Jean-Christophe Beaulieu

Profile
- Position: Fullback

Personal information
- Born: May 6, 1990 (age 35) Trois-Rivières, Quebec, Canada
- Height: 6 ft 3 in (1.91 m)
- Weight: 220 lb (100 kg)

Career information
- University: Sherbrooke
- CFL draft: 2014: 6th round, 49th overall pick

Career history
- 2014–2017: Montreal Alouettes
- 2018–2019: Ottawa Redblacks
- Stats at CFL.ca

= Jean-Christophe Beaulieu =

Canadian player of Canadian football

Jean-Christophe Beaulieu (also known as 'J.C Beaulieu') (born May 6, 1990) is a Canadian former professional football fullback who played in the Canadian Football League (CFL) for the Montreal Alouettes and Ottawa Redblacks.

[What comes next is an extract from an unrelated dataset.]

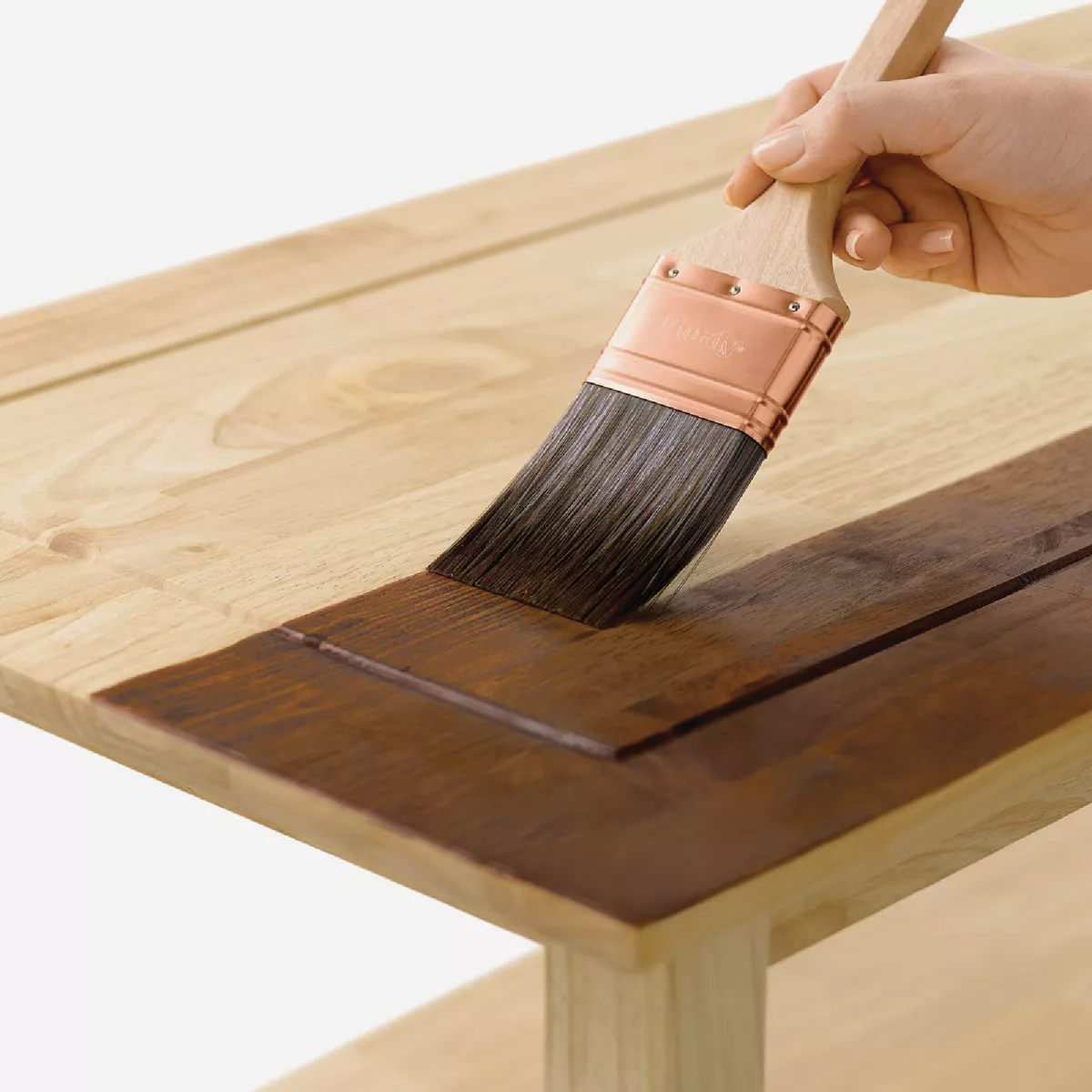 Minwax Wood Finish Penetrating Stain, Red Mahogany, 1/2 Pt. - photo 4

He was selected by the Alouettes in the sixth round of the 2014 CFL draft after playing CIS football at the Université de Sherbrooke.

==College career==
Beaulieu played in nine games for the Sherbrooke Vert et Or during his senior year in 2013, rushing for 55 yards and three touchdowns on 19 carries. He also caught four passes for 34 yards and one touchdown.

==Professional career==

=== Montreal Alouettes ===
Beaulieu was selected by the Montreal Alouettes with the 49th pick in the 2014 CFL draft. He signed with the team on May 27, 2014. He played in ten games for the Alouettes in 2014, rushing for two yards on one carry and catching two passes for ten yards. Beaulieu also blocked a punt. He started eighteen games in 2015, recording five receptions for 65 yards and a touchdown. He signed a three-year deal with the Alouettes on February 1, 2016. In four seasons with Montreal Beaulieu was used sparingly on offense; he carried the ball 11 times for 104 yards with one touchdown, he also caught 23 passes for 202 yards with one touchdown.

=== Ottawa Redblacks ===
On January 30, 2018, Beaulieu was traded to the Ottawa Redblacks in exchange for Patrick Lavoie. Beaulieu was released on March 2, 2020.